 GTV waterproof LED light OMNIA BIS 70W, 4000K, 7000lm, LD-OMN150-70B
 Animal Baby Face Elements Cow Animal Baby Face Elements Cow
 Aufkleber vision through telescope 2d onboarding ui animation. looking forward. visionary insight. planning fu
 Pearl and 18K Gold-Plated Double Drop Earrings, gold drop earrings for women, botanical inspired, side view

━━━━━━━━━━━━━━━━

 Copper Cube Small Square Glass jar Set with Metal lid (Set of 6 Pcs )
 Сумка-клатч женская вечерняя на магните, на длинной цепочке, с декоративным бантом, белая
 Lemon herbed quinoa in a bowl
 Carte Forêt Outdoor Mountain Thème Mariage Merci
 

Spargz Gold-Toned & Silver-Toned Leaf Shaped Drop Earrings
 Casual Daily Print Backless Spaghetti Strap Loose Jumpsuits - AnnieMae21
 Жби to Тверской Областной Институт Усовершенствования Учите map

━━━━━━━━━━━━━━━━

• Brief: Print exactly the lines of the listing above starting at the line containing "Carte Forêt Outdoor" and ending at the line containing "Жби to Тверской", both included.

• Answer space:
 Carte Forêt Outdoor Mountain Thème Mariage Merci
 

Spargz Gold-Toned & Silver-Toned Leaf Shaped Drop Earrings
 Casual Daily Print Backless Spaghetti Strap Loose Jumpsuits - AnnieMae21
 Жби to Тверской Областной Институт Усовершенствования Учите map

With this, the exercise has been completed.